Happens all the time
You meet someone online, start chatting via email, maybe even get to exchanging digits and entering the wonderful world of texting. Then
Suddenly one word, one sentence, one phrase gets misconstrued, misunderstood and misappropriated and it’s over just as quickly as it began. Things could have been progressing very nicely. You saw real potential, had high hopes for this one. They were funny, witty, liked the same music as you, seemed to have a healthy relationship with their mom, they even had good spelling and grammar.
Then at some point you are in a situation where your attention may be distracted, your patience is impaired, or you’re a little more snarky than usual. Their frame of mind and lack of self confidence, combined with limited knowledge of your personality make for a perfect storm of insecurely written responses. They might enter into a long diatribe of why you should realize that
you are wrong, they are right, and oh by the way, you suck.
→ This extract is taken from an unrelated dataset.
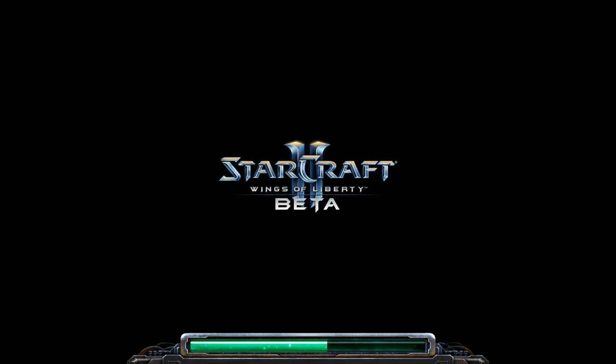I hope people find this video interesting. I understand a lot of people aren't in the beta, though more and more keys are being given out every day, so hopefully everyone who wants one will get one eventually.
Why, even some guy named Evans did a study in 2009 revealing that approximately 48% of online daters reported that their breakups occurred via email. I bet the other 52% did it via text. I mean, if the relationship began electronically, might as well end in the same venue. I just wonder how many of those break-ups occurred because words and meanings were simply
lost in translation
Just think about it. If you are FACE TO FACE with a person and you say something simple like “what are you wearing?” your answer is going to be pretty straightforward. It’s either “the dress is Michael Kors and the jewelry is Tiffany” or “I’m wearing my pajamas because I just woke up” or “I’m wearing my lucky jeans because the Cowboys are playing tonight and we need all the help we can get”.
But if someone sends you a TEXT saying “what are you wearing?”, the meaning changes entirely. Your mind immediately goes to a creepy voice on the other end of the phone attached to a body which is likely not clothed and covered in some sort of lube. Am I right or am I right?
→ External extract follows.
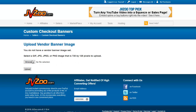Basically all you have to do is browse to the banner that you've set up and click Upload once you've selected it. This vendor banner will then appear at the top of all of your JBZoo checkout pages.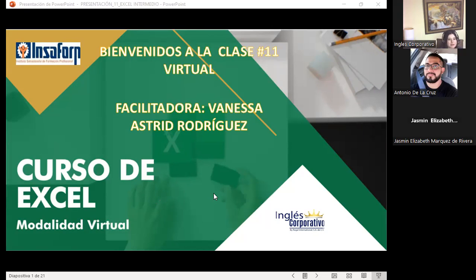Muy buenas noches. Bienvenidos a nuestra clase número 11 virtual, que corresponde a la sección número 3 en nuestra aula virtual. Es un gusto poderlos tener nuevamente acá. Espero que ya les haya pasado el susto de este temblor que acaba de suceder. Dicen que puede ser punto de algo. Espero que todos se encuentren bien, igualmente en sus casas.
If you don’t know this person and their personality and usual mode of communication, your interpretation is going to resort to the default library of images, movie clips, TV shows, past relationships, your high school gym teacher. Who knows! The point is, you don’t know them well enough to assume correctly their intention, so you fill in your own blank. Sometimes that can backfire.
Once someone responds with a quick “well screw you and the horse your rode in on!” then you’re like “DONE!” and it’s back to the drawing board. No point in trying to make amends with this person who rushes to rash and overly reactionary responses. Clearly this is not someone you want to interact with your children, or your dog for that matter! Moving on…
About the Author: Nanci is a resident Wingwoman here at Profile Wingman, where we help people write their online dating profiles. Our #1 goal always is honesty. Watch our video, learn more about us, check out our services, and come back often for interesting blog posts. You can also follow us on Twitter and Facebook.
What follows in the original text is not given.